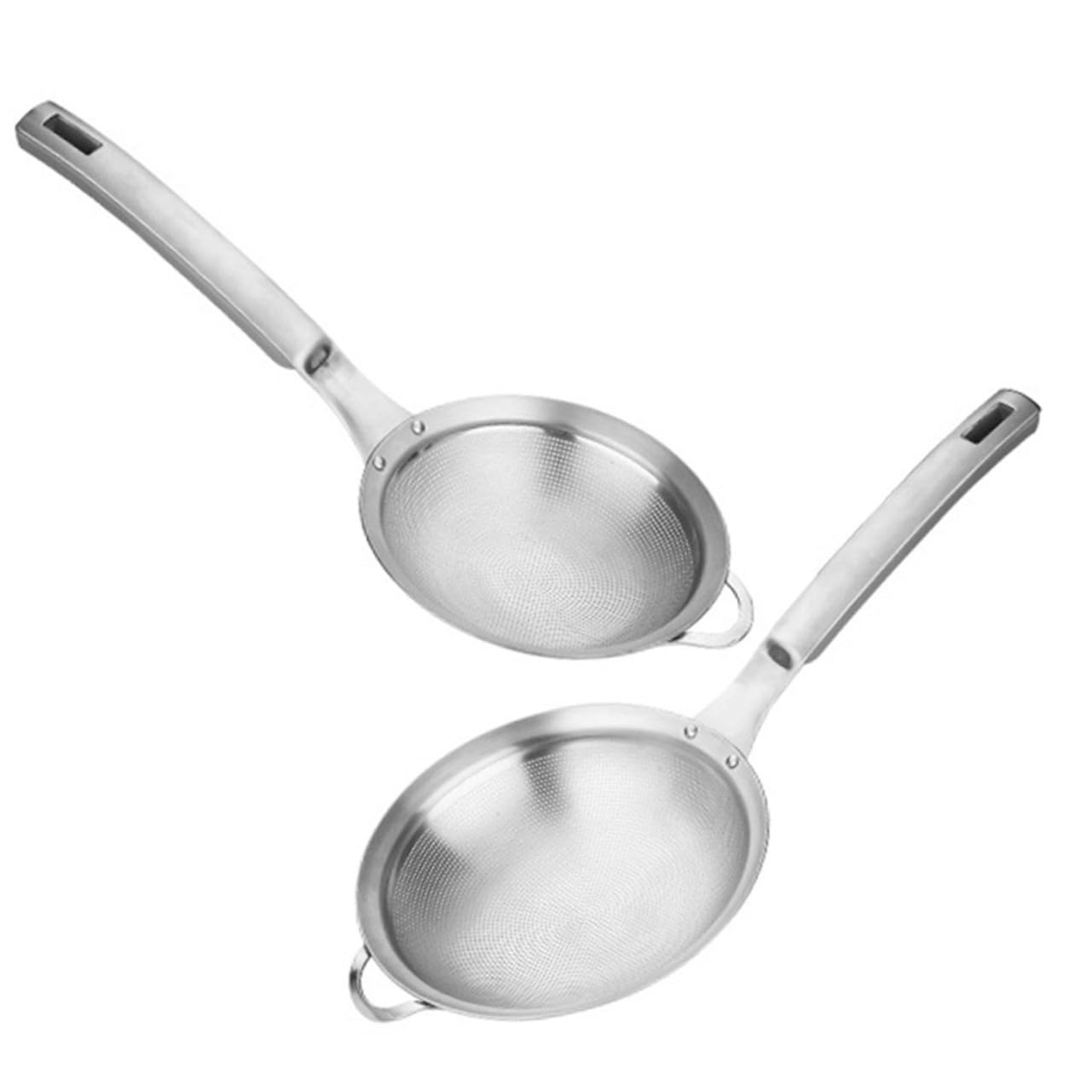 INOOMP 2 piezas Filtro de Malla de Acero Inoxidable Reutilizable para Cocina Colador Ergonómico con Mango Resistente al Calor para Filtrar Aceite y Diseño Colgante para Ahorro de Espacio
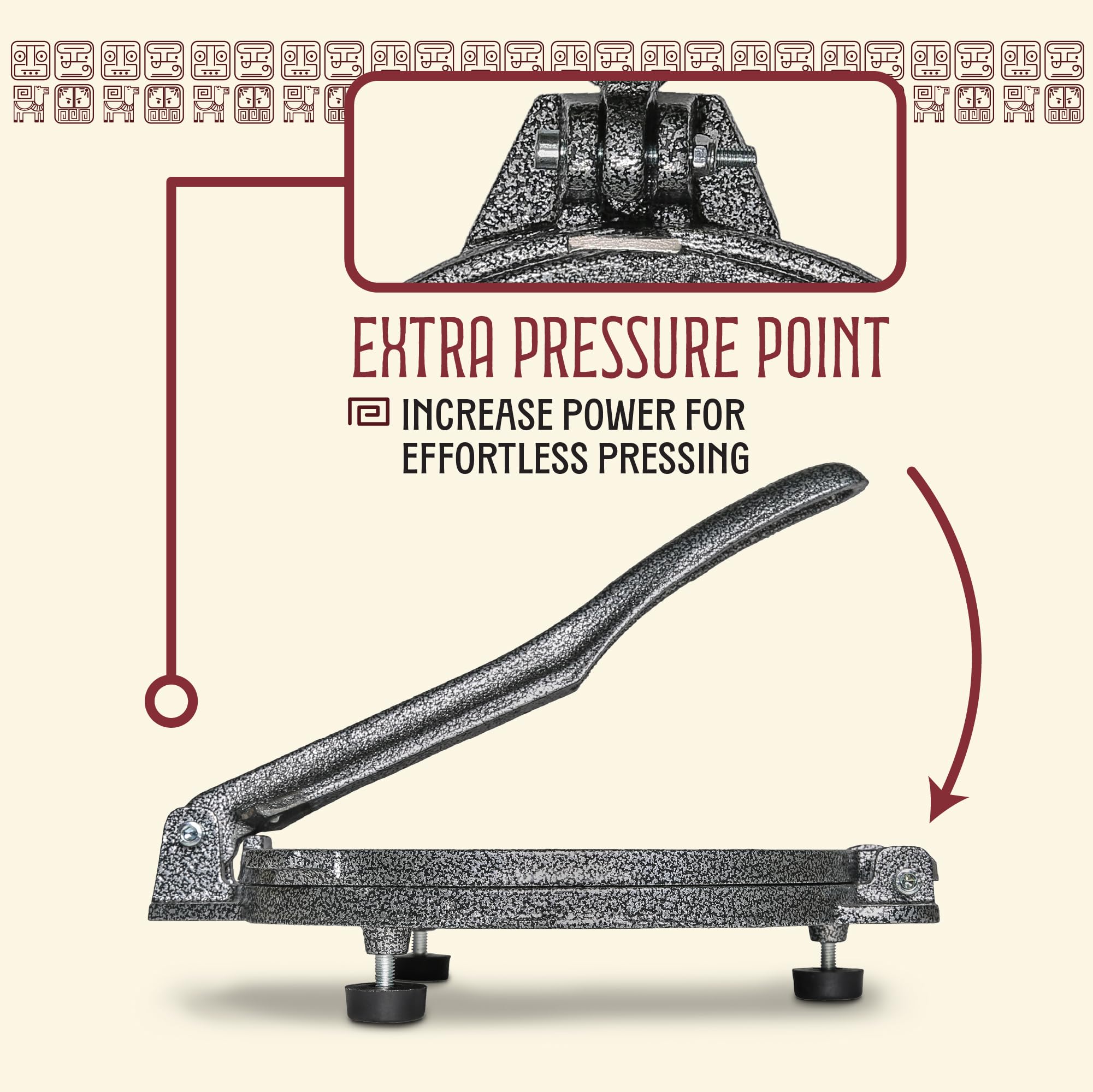 Concord tortilla press extra thick construction provides stable, easy pressing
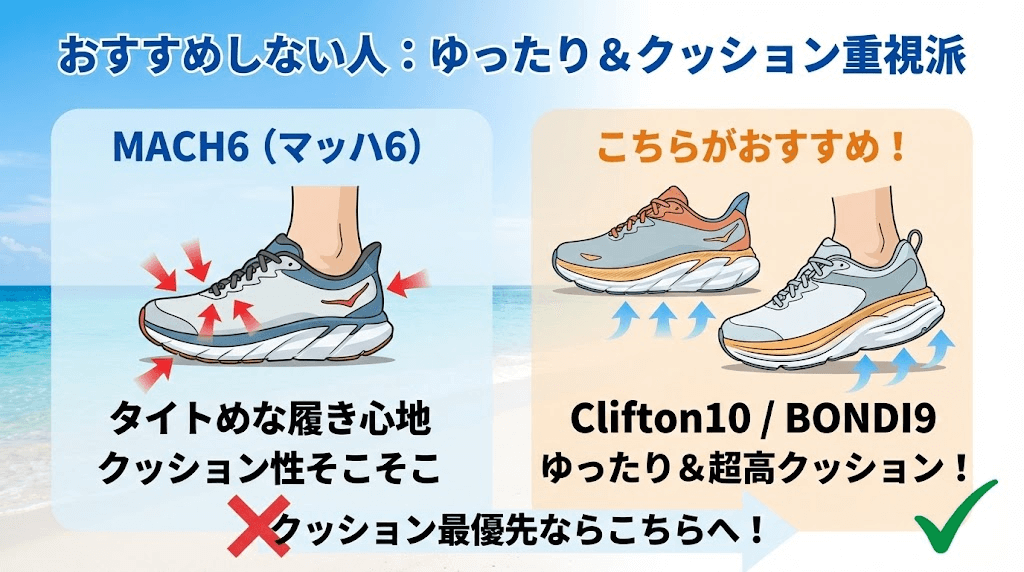 おすすめしない人：ゆったりした履き心地やクッション性を最重視する人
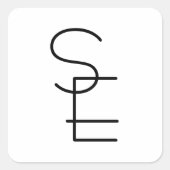 モダンな重なり合うイニシャル スクエアシール (正面)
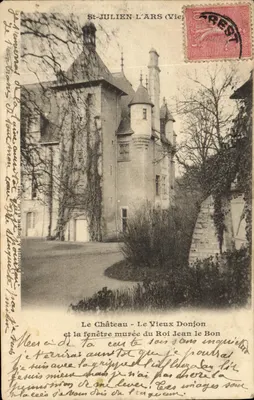 St-Julien-l'Arts (Vieil) — O Castelo - O Velho Torreão e a Janela Murada do Rei João o Bom — Fototipia A. Bergeret et Cie, Nuret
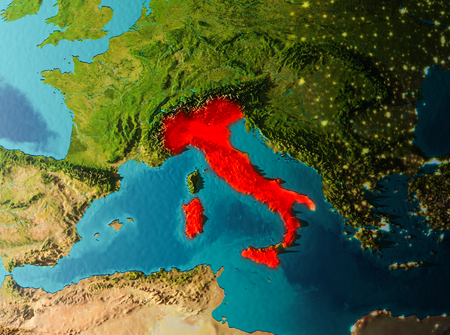 Italy in early morning light highlighted in red on planet Earth. 3D illustration.の写真素材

EXERCISE INSTRUCTIONS: From top to bottom, restate the records above exactly and omit every picture.

RESULT FOR THIS TASK:
 INOOMP 2 piezas Filtro de Malla de Acero Inoxidable Reutilizable para Cocina Colador Ergonómico con Mango Resistente al Calor para Filtrar Aceite y Diseño Colgante para Ahorro de Espacio
 Concord tortilla press extra thick construction provides stable, easy pressing
 おすすめしない人：ゆったりした履き心地やクッション性を最重視する人
 モダンな重なり合うイニシャル スクエアシール (正面)
 St-Julien-l'Arts (Vieil) — O Castelo - O Velho Torreão e a Janela Murada do Rei João o Bom — Fototipia A. Bergeret et Cie, Nuret
 Italy in early morning light highlighted in red on planet Earth. 3D illustration.の写真素材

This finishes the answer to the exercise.